If when running under business loads, there are more potential busy threads than there are available CPUs considering the Streaming demand as well as other processes running on the same system, then that system is said to be over-subscribed. A briefly over-subscribed system will need data-rates to slow down for a period so it may catch up. A continuously over-subscribed system will increase latency throughout the over-subscribed period and may have secondary effects such as:
- memory exhaustion due to queuing,
- disconnections from external services due to timeouts
Troubleshooting Over-Subscribed Applications
General understanding of the '
sbprofile' log output is described in the product documentation here:
TIBCO Streaming > StreamBase Admin Guide > Monitoring and Profiling Applications > Profiling
ParallelSequence Queues
A ParallelSequence queue represents the point where a tuple leaves one thread (or concurrent region) and enters the next. The queue keeps the tuples received in the order they arrive from any input into the region, and in the order they exit the region (the queue is used for all inputs and all outputs).

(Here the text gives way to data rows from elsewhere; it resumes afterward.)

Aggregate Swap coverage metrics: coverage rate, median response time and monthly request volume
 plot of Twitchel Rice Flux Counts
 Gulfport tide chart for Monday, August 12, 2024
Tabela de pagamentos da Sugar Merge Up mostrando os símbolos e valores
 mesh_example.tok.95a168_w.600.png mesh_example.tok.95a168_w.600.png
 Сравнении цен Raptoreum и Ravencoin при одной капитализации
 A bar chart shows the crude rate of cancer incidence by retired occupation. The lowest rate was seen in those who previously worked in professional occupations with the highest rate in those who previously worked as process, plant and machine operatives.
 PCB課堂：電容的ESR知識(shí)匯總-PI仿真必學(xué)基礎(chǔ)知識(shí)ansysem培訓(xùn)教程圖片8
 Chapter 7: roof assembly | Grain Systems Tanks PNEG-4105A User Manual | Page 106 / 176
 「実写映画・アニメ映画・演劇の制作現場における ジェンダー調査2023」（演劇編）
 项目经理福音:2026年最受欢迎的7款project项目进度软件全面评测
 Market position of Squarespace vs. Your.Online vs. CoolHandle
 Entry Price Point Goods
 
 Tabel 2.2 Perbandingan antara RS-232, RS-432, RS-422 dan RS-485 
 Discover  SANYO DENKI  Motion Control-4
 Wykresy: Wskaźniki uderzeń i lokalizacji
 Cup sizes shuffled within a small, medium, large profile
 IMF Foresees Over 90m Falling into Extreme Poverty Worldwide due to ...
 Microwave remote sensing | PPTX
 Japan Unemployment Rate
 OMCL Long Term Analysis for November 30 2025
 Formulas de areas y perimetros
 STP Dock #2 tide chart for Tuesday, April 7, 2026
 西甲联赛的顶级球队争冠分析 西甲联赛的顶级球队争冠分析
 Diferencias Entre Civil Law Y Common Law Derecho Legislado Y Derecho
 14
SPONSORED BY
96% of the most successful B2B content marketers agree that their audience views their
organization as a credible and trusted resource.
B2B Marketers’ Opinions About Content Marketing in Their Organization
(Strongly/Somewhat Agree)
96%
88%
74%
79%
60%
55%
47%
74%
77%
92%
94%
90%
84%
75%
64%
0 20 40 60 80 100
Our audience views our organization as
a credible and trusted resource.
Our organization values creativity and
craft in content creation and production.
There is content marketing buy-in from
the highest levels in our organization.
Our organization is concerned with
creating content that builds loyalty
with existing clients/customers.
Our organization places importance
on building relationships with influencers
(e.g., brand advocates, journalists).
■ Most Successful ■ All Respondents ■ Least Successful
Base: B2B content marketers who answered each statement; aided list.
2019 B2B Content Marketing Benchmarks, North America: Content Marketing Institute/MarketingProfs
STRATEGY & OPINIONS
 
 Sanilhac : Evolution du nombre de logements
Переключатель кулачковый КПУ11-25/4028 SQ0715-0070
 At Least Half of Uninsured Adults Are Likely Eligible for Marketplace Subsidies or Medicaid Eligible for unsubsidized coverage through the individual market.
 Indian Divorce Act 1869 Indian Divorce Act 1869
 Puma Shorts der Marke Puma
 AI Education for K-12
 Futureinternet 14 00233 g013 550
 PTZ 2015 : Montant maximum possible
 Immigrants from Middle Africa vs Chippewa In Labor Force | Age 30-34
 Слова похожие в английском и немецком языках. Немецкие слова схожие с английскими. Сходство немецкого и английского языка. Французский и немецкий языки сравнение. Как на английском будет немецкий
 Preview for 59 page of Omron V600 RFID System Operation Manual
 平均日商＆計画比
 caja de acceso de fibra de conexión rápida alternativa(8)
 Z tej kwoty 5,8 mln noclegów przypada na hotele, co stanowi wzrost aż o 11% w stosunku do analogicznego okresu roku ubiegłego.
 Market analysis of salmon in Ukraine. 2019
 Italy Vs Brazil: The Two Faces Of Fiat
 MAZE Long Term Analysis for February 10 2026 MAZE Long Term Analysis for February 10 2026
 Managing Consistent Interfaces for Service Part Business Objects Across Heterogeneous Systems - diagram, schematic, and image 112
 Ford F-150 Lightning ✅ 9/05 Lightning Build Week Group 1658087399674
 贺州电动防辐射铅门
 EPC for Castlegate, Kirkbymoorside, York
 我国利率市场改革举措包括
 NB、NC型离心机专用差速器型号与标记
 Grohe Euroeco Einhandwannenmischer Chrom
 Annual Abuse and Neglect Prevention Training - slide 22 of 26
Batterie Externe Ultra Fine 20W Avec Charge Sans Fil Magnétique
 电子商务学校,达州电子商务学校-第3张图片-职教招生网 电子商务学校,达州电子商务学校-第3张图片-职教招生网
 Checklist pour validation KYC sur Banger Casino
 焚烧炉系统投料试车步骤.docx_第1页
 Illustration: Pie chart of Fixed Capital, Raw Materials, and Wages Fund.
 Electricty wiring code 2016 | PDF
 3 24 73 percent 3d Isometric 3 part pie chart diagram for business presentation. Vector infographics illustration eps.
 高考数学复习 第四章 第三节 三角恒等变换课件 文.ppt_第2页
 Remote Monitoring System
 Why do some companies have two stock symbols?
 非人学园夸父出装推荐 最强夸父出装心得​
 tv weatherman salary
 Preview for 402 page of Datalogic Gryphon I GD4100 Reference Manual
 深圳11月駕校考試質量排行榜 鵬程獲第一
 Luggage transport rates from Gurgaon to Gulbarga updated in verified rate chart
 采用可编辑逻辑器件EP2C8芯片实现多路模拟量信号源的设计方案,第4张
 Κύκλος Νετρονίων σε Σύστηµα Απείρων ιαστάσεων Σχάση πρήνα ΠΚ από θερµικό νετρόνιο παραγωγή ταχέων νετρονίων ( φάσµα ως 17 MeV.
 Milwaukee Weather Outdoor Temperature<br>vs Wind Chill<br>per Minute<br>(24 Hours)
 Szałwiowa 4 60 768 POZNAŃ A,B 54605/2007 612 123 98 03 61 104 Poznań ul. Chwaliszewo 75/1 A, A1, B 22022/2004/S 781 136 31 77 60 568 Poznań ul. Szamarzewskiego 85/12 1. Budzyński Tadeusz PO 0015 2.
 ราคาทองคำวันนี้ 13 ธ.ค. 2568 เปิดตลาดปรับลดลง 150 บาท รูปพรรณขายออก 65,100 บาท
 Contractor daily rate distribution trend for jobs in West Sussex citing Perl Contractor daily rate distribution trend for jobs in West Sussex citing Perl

Every group of one or more operators in the same region has a ParallelSequence queue which handles all tuple input and output from that thread. The '
sbprofile' log reports the ParallelSequence queues on lines that begin with "Q," and have a name ending in "ParallelSequence".
For example:
Q, geoMapTable.QueryInRef1:ParallelSequence, 0, 0, 2019-11-12 09:45:50.749where the columns "
0, 0" are the "Queue Max Size" and "Queue Current Size".
In the profile log created by '
sbprofile' pay attention to the "Queue Max Size" and "Queue Current Size" columns. The "Queue Max Size" indicates how backlogged the queue became at some point in the session. The "Queue Current Size" indicates the progression of queuing (and therefore latency) over time. In a module which is keeping up with input data rates these values will be small numbers of digits. A module which at times cannot keep up will have larger numbers in these columns. The log will indicate when queuing began and second-by-second reports of how it increases or decreases over time. A queue that consistently climbs over the course of the session indicates a module which should be given more CPU to keep up, and that can be provided by giving the module Concurrency and Multiplicity values greater than "1".
Operator CPU Time
The '
sbprofile' log output can help identify the specific operators which are taking the most CPU time, and these are candidates for both making them concurrent, so the work they do is isolated from and does not block other threads, and with multiplicity to split the work between 2 or more instances of the operator.
For example from
sbprofile output:
O, MyContainer.myModule.myOperator:1, 1, 1, 1.1, 10943, N/A, 2019-11-12 09:45:50.749This operator (instance ":1" of multiplicity>1) received one tuple, emitted one tuple, took 1.1% of the time this tuple spent in this region, and took 10.9 milliseconds to do its work.
If the microseconds value is consistently 1000000 (or even greater due to profiling limitations) then this operator used all of a CPU this second and did not share, so other operators in this region were blocked.